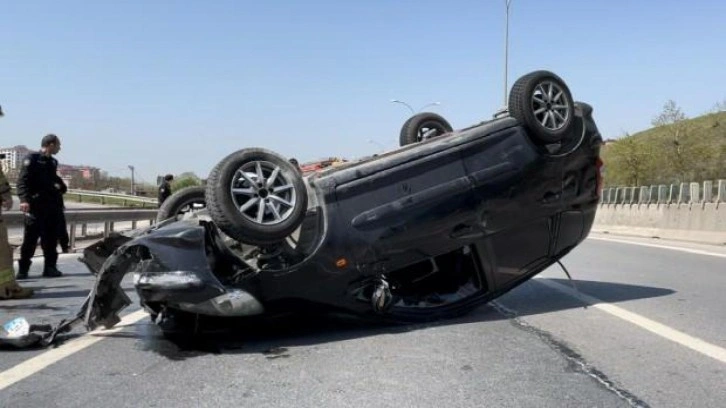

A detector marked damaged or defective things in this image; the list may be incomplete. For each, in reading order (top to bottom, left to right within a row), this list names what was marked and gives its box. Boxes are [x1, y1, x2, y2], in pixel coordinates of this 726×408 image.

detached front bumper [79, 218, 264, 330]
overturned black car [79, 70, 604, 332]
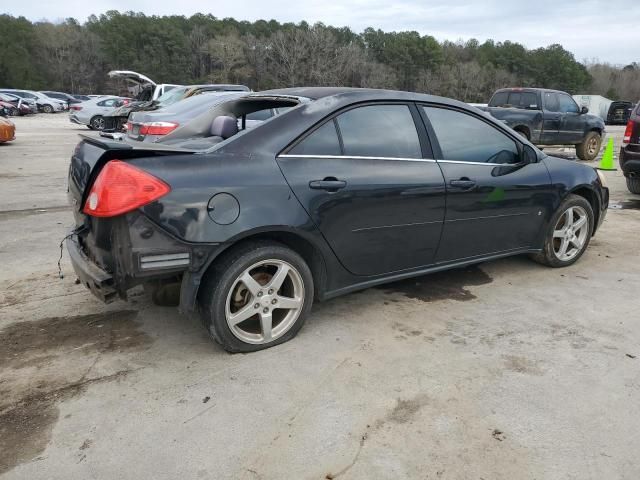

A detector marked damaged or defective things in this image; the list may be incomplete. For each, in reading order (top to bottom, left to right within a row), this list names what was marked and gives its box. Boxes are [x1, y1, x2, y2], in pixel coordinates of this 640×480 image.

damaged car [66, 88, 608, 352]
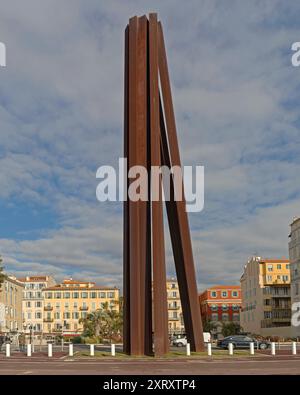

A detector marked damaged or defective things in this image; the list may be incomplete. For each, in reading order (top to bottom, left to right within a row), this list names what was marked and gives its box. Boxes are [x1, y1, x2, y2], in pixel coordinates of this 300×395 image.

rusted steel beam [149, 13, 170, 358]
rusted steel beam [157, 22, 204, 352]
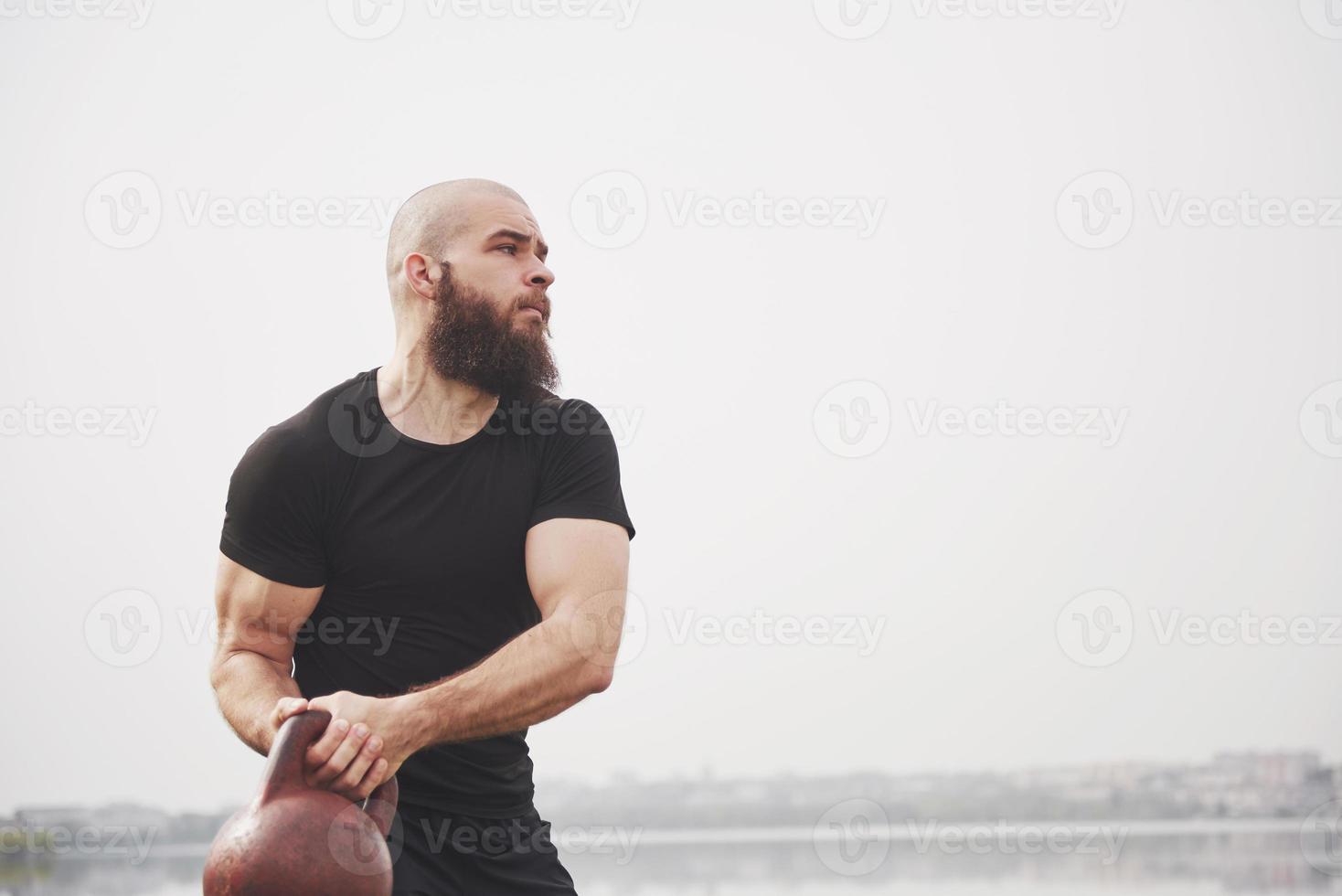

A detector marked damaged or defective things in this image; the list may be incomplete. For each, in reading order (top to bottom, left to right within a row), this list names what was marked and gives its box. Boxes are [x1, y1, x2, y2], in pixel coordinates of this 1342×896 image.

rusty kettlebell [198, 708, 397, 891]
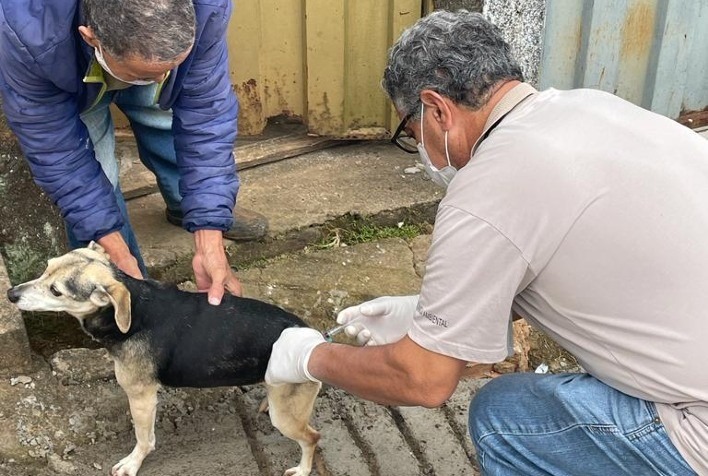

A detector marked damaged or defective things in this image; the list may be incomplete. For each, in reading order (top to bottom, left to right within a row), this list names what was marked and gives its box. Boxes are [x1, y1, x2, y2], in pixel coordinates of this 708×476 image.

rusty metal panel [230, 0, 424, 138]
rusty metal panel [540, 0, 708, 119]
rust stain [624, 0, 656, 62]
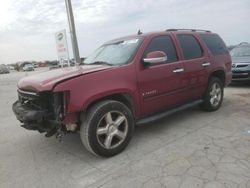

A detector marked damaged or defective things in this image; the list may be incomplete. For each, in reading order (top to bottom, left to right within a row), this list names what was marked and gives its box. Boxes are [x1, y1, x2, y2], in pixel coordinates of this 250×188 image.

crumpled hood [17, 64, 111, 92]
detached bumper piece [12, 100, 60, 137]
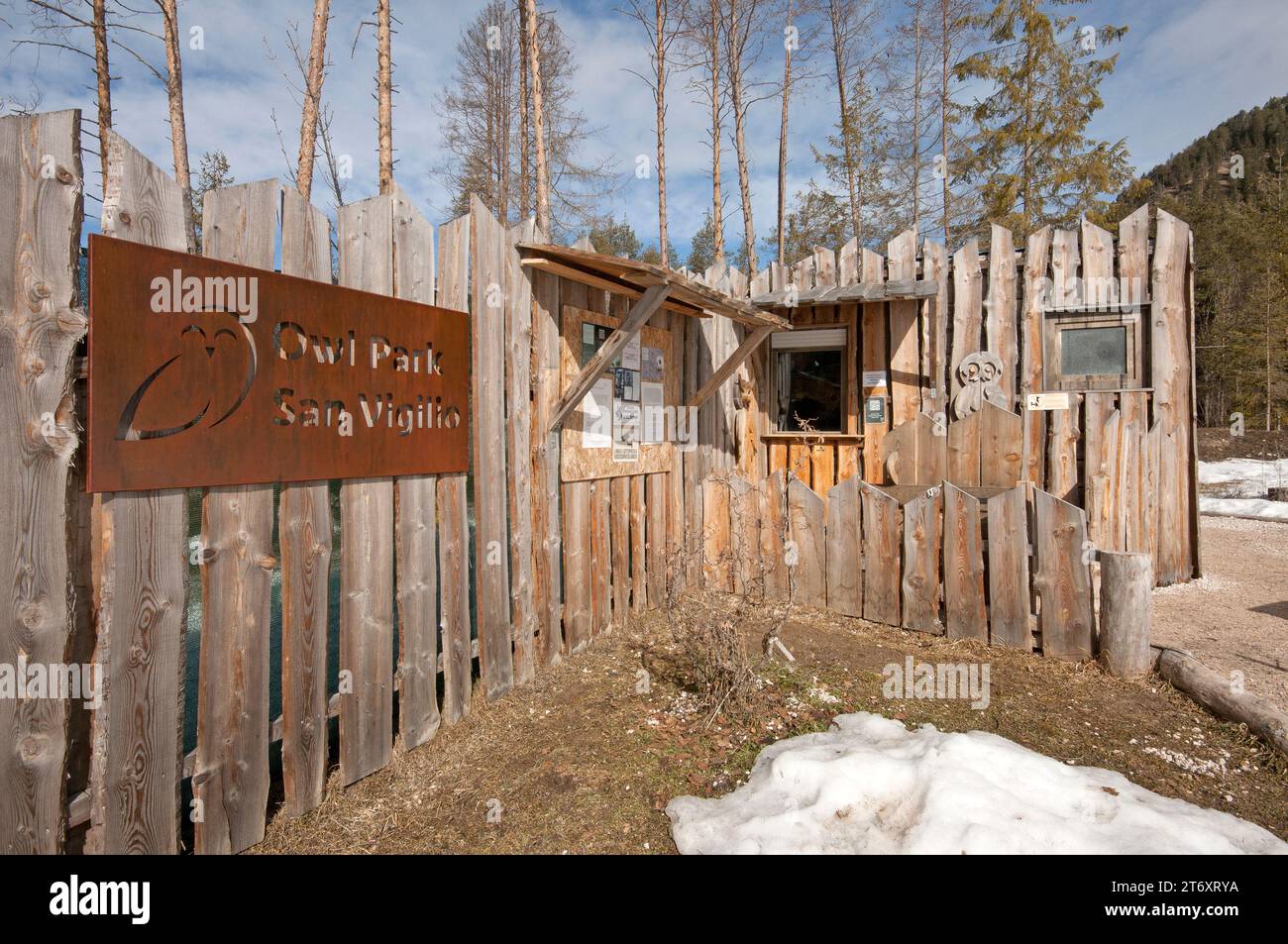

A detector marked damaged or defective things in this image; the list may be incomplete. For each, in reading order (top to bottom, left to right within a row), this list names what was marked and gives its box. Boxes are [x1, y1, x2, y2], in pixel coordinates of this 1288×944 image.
○ ○ ○ ○ ○
* **Exercise**: Of the entries above, print exactly those lines that run from the one containing "this 640×480 image." through the last line, excluding any pictures.

* **Answer to the exercise**:
A detector marked damaged or defective things in this image; the list may be incomplete. For each, in reading order (top to bottom, left to right within a row), this list names what was marked and gives its box. Boxes are [x1, y1, x2, y2], in pixel coordinates of this 640×480 image.

damaged car [66, 88, 608, 352]

A detector marked damaged or defective things in this image; the list may be incomplete. For each, in reading order (top to bottom, left to right within a row), this list names what was marked and gives its box. Boxes are [x1, y1, x2, y2], in pixel coordinates of this 300×395 image.

rusted steel beam [149, 13, 170, 358]
rusted steel beam [157, 22, 204, 352]

A detector marked damaged or defective things in this image; the list may be incomplete. For each, in reading order (top to bottom, left to right within a row), this list names what was marked and gives its box. Boxes are [x1, y1, x2, y2], in pixel coordinates of this 1342×896 image.

rusty kettlebell [198, 708, 397, 891]

A detector marked damaged or defective things in this image; the list may be incomplete. For each, in reading order (top to bottom, left to right within a row), this list names what was marked and gives its box. Boxes are [x1, y1, x2, y2], in pixel coordinates of this 708×476 image.

rusty metal panel [230, 0, 424, 138]
rusty metal panel [540, 0, 708, 119]
rust stain [624, 0, 656, 62]

A detector marked damaged or defective things in this image; the list may be incomplete. For each, in reading order (top to bottom, left to right within a row), this list names what was marked and gives its box. Boxes are [x1, y1, x2, y2], in pixel coordinates of this 250×188 image.

crumpled hood [17, 64, 111, 92]
detached bumper piece [12, 100, 60, 137]

A detector marked damaged or defective things in this image; the list may be incomplete. For each, in reading order (top to bottom, left to right within a row), this list names what was marked and gives its box. Boxes are [x1, y1, x2, y2], in pixel coordinates of this 1288×944 image.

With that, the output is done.